O nome da Lei 11.340/2006 é em homenagem a Maria da Penha Maia Fernandes, que foi vítima de violência doméstica durante seis anos de casamento, incluindo duas tentativas de homicídio. Em uma das tentativas, Maria ficou paraplégica e o marido só foi preso 19 anos depois – tendo cumprido apenas dois anos de regime fechado. "Atendendo ao pedido do Conselho Estadual dos Direitos da Mulher, iremos realizar uma audiência pública para debater a efetividade da Lei Maria da Penha. Queremos fazer um balanço, além de contar com lideranças do interior.
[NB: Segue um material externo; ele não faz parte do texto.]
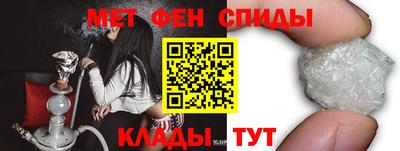 а пвп мука Каменск-Шахтинский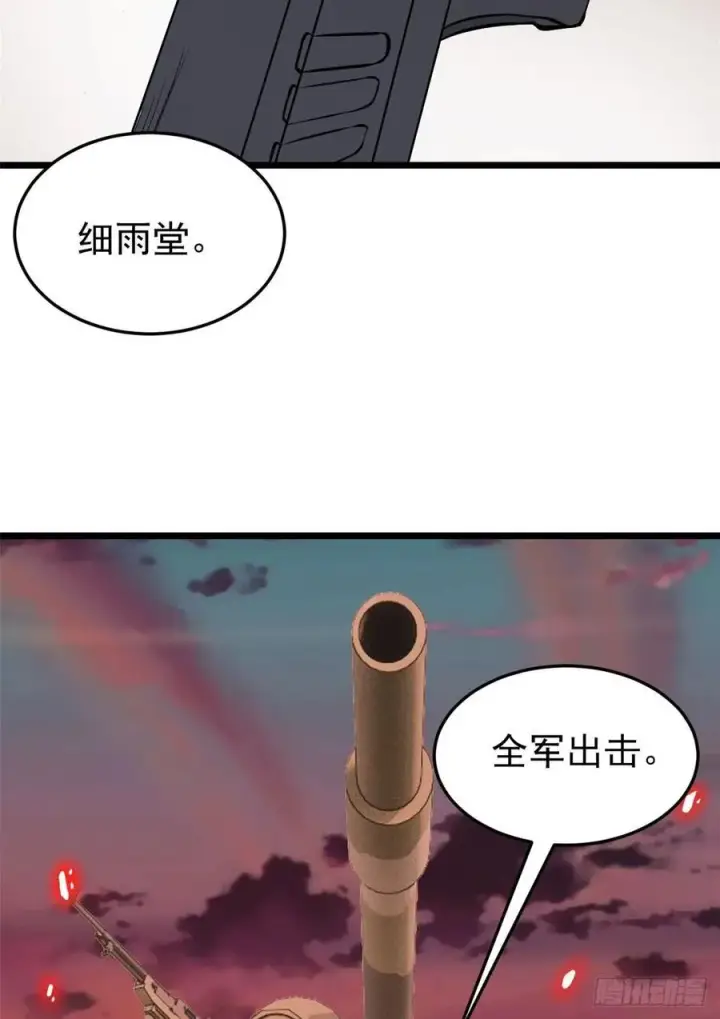 漫画《万古最强宗》85 武器升级第9张图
Estamos convidando os conselhos, as prefeituras, os movimentos sociais", declarou a deputada Neusa Cadore (PT), presidente do colegiado. Para o debate, são esperados também representantes dos órgãos do Poder Judiciário, do Poder Executivo e entidades da sociedade civil. Ainda durante a sessão, o colegiado abordou a audiência pública da Comissão Parlamentar de Inquérito que investiga o Tráfico de Pessoas na Bahia, com o objetivo de discutir a prevenção nas cidades que são rota de tráfico de pessoas. Essa audiência pública tem previsão para acontecer no próximo dia 12 de dezembro.